The Court characterized the second policy as follows:


So again, to sum up: The bias-related-incidents policy creates a mechanism by which a UCF student can be anonymously accused to an act of ‘hate or bias’ – i.e., an ‘offensive’ act, even if ‘legal’ and ‘unintentional,’ that is directed toward another based on any of a number [of] characteristics that echo (but do not precisely mirror) those listed in the discriminatory-harassment policy.


The Court, after addressing standing arguments, turned to the merits and concluded “[t]he discriminatory-harassment policy is almost certainly unconstitutionally overbroad.” Referring to an interesting exchange during oral argument, the Court concluded that the following were examples of statements that might well fall within its prohibitions: abortion is immoral; the government should not be able to force religious organizations to recognize marriages with which they disagree; affirmative action is deeply unfair; a man cannot become a woman because feels like one; illegal immigration is dangerous; or, the Palestinian movement is anti-Semitic. The Court noted that whatever the merits or demerits of these statements, they constituted core political speech with respect to which First Amendment protection is at its zenith. The Court added the policy was likely an unconstitutional content and viewpoint-based restriction on free expression.

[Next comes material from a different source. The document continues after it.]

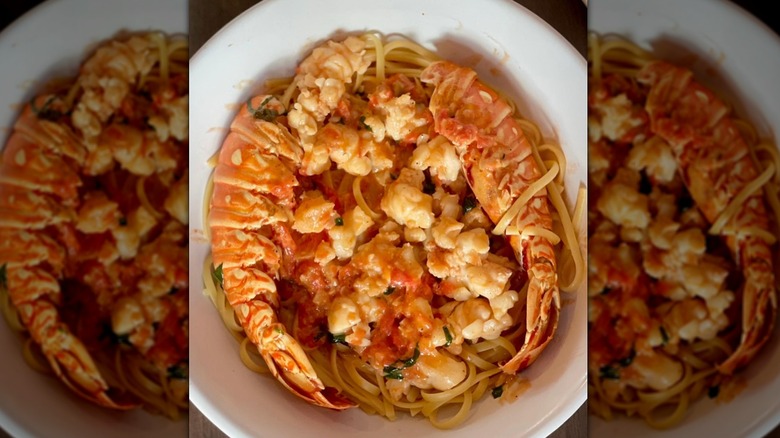 Bowl of langoustines with spaghetti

The Court emphasized its focus on the university context and discussed potential distinctions in the public schools context in a detailed footnote. The Court closed with a ringing endorsement of free expression in post-secondary education:


Nowhere is free speech more important than in our leading institutions of higher learning. Colleges and universities serve as the founts of – and the testing grounds for – new ideas. Their chief mission is to equip students to examine arguments critically and, perhaps even more importantly, to prepare young citizens to participate in the civic and political life of our democratic republic. It’s hardly surprising, then, that the Supreme Court has “long recognized that, given the important purpose of public education and the expansive freedoms of speech and though associated with the university environment, universities occupy a special niche in our constitutional tradition. [quotes and citations omitted]. Accordingly, it is imperative that colleges and universities toe the constitutional line when monitoring, supervising, and regulating student expression. Despite what we presume to be the very best of intentions, it seems to us substantially likely that [UCF] crossed that line here.


Thus, the Court vacated the trial court’s decision denying the injunction and remanded the case back to the trial court for the entry of a preliminary injunction and further proceedings.